On Monday, Senator Bob Casey, Congressman Conor Lamb, and Congressman Dwight Evans were part of a zoom call advocating for the raise.
“It’s long overdue. We should get it done and get it done now,” Casey said.
The minimum wage in Pennsylvania currently sits at $7.25, equivalent to the federal minimum wage that was set in 2009.
Gov. Wolf proposed an increase in the state’s minimum wage to $12 per hour starting July 1, 2021, and a $.50 increase every year until reaching $15 per hour on July 1, 2027.
“Give people a raise. They earned it, they worked for it. It’s a part about valuing workers,” Evans said.
Gene Barr, the President and CEO of the Pennsylvania Chamber of Business and Industry, says the move couldn’t come at a worse time for business owners.
“This would have tremendous adverse impacts likely at a time when we’re just coming out of this pandemic and many small businesses are literally struggling to survive,” Barr said.
Many Democratic lawmakers say now is exactly the right time to give a raise to the essential workers who’ve been on the frontlines during this pandemic.
“Someone taking that level of risk and showing that level of service to people in their community, that we would tolerate them making less than $15 an hour, which is less than $31,000 a year, to me is intolerable,” Lamb said.
Scranton nurse Barbara Coleman is an advocate of raising the minimum wage.
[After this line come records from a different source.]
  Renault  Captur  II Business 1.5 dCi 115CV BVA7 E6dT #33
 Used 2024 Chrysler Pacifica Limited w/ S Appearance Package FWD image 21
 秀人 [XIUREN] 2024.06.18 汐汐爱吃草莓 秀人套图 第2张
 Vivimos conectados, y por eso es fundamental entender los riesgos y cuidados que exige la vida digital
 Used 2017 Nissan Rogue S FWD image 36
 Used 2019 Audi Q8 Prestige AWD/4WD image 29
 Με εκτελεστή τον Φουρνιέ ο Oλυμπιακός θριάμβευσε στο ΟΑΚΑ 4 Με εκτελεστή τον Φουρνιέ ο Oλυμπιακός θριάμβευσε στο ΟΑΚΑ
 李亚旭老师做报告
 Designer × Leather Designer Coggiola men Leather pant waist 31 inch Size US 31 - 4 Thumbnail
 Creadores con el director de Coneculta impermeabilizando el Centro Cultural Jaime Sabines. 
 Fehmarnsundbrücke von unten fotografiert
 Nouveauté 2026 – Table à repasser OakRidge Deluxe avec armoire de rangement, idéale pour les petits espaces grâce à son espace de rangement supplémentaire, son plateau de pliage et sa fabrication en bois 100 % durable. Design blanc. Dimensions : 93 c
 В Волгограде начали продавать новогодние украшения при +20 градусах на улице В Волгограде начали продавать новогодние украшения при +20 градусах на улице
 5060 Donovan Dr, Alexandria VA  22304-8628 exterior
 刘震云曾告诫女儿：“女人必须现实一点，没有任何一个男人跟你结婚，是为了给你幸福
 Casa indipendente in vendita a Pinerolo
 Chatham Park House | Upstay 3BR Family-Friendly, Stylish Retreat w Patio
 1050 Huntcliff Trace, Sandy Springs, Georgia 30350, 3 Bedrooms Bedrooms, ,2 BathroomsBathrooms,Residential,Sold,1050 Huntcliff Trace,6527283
She joined in on Monday’s call with the Democratic lawmakers.
“Right now essential workers need 2 or 3 jobs just to survive. Never mind putting meat and potatoes on the table, we can’t even afford the plate right now,” Coleman said.
Republican lawmaker Congressman Fred Keller says raising the minimum wage to $15 wouldn’t actually help those who are struggling.
“What is the goal to raising the minimum wage? If that is to give someone more buying powers, keep in mind that the price of goods and services is going to increase and they’re likely going to end up at the same spot they are now,” Keller said.
Opponents of the idea think the raise just isn’t worth the cost.
“Some people will be lifted out of poverty, some people will be put into poverty, and some people will never have the chance to advance out of poverty. So you’re really picking winners and losers by going to $15 an hour,” Barr said.
The House of Representatives is expected to vote on the coronavirus relief bill this week.